Re: Documentation Edits for pg_createsubscriber

From
"David G. Johnston"
Date:
Thank you for the quick reply.

On Mon, Mar 10, 2025 at 7:56 PM Hayato Kuroda (Fujitsu) <kuroda.hayato@fujitsu.com> wrote:
Dear David,

> The main thing I noted is that our synopsis is simply wrong regarding the
> optionality of the --database option.  I went with a fix that included only
> showing the two mandatory options and adding a paragraph to usage explaining
> that --database exists and how to use it.  Our existing example also covers
> that common usage.

According to the code, -D and -P is anyway needed, but -d can be omitted when -P
contians dbname option. And you wanted to follow the rule, right?
IIUC shorter synopsis is always welcomed.

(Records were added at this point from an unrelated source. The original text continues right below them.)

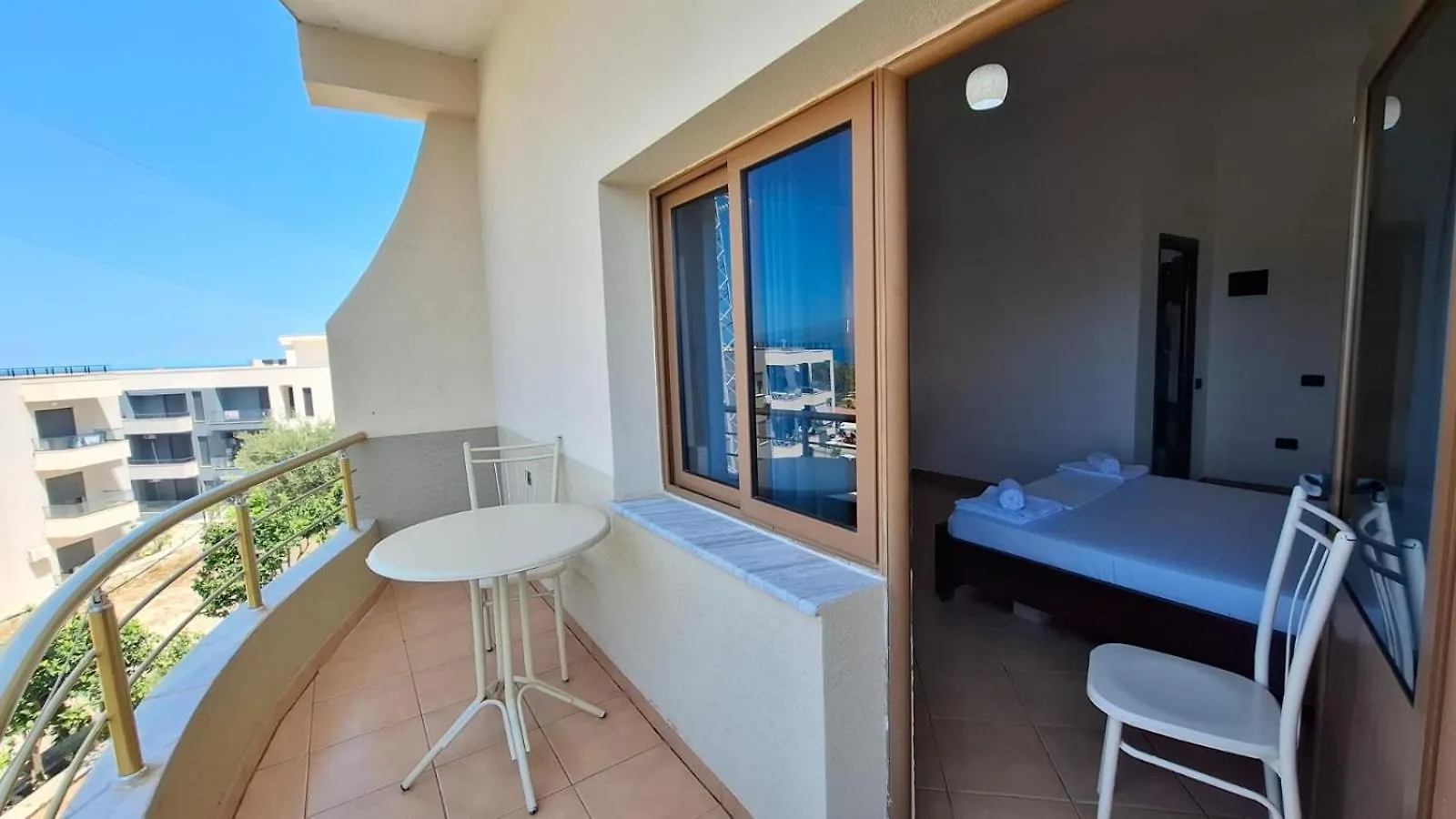 Hotel Sirena Radhimë 3*,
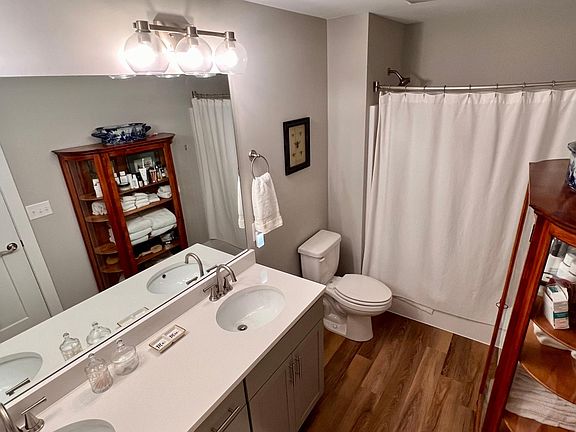 4th image of 1437 Stockyard Pl #1437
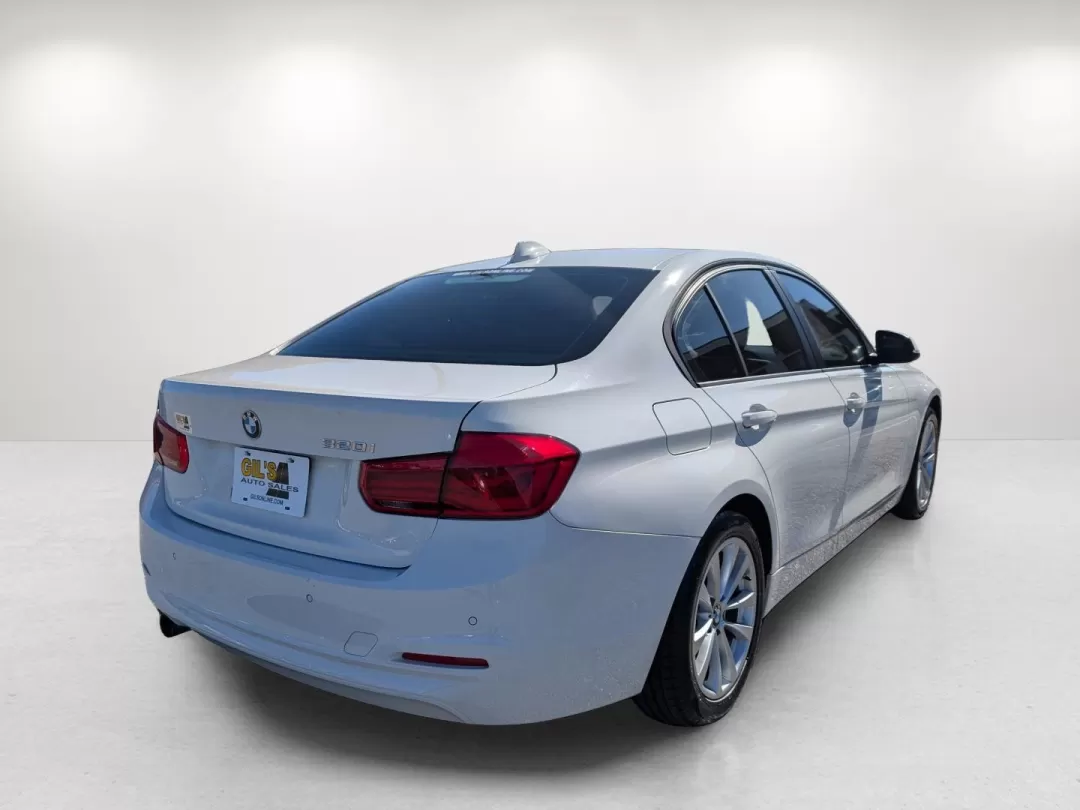 2017 BMW 3 Series 320i (WBA8E1G38HN) with an Other engine, located at 3959 U.S. 80 W, Phenix City, AL, 36870, (334) 297-4885, 32.469296, -85.135185 - 2017 BMW 3 Series 320i - Photo#4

I'm having second thoughts here a bit as I absorb more.  I'm not really sure why we added --publication-name etc... but I was giving them more weight than is probably needed.  They don't seem like something a typical user would care about.  I'll probably add back -d but leave mention of all the long-form option names out still.  Or, my other thought, two lines of commands and explain the single-database and multi-database mechanics that distinguish them in the description.

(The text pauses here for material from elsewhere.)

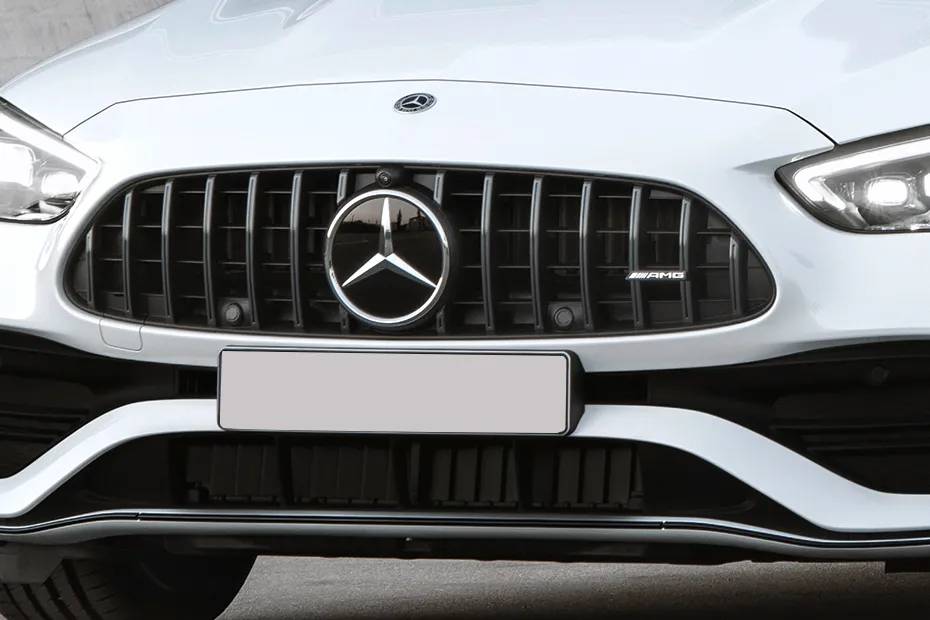 Mercedes Benz AMG C 43 Grille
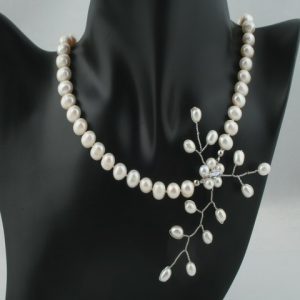 Pearl Floral Necklace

> It took me a bit, and reading implementation code, to understand what was meant
> by "Additional recovery parameters are added to avoid ...".  I decided that
> detail seemed unnecessary for the user-facing documentation - supposedly they
> will never see the recovery file if everything works OK (and if they do the
> various empty string settings should be reasonably self-evident).  If we do
> want to keep it I'll try to find a better wording.

To confirm; users can run SHOW command after the conversion and they can see
our setting. Do you think it is a user-facing?

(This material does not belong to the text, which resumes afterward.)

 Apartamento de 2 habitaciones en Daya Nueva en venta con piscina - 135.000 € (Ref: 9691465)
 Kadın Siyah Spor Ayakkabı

And they will see empty strings (or blanks or whatever the defaults are) for everything except LSN, like they always do, and not realize or care that our code generated file actually contained lines for them. (I haven't actually experimented here though.)  But in normal use they have no reason to inspect the state data generated by this process so which it is accessible as a matter of design it is not practically user-facing for a user of this application.  The only state they need to manage is that their WAL retention for their standby is large enough to execute the needed point-in-time recovery.


Here are my comments. (I ran Grammarly to check your sentences)

01.
Your patch breaks 80-column-per-line rule. Please check it.

Ok, though it seems like a very loosely enforced one in the documentation.


02.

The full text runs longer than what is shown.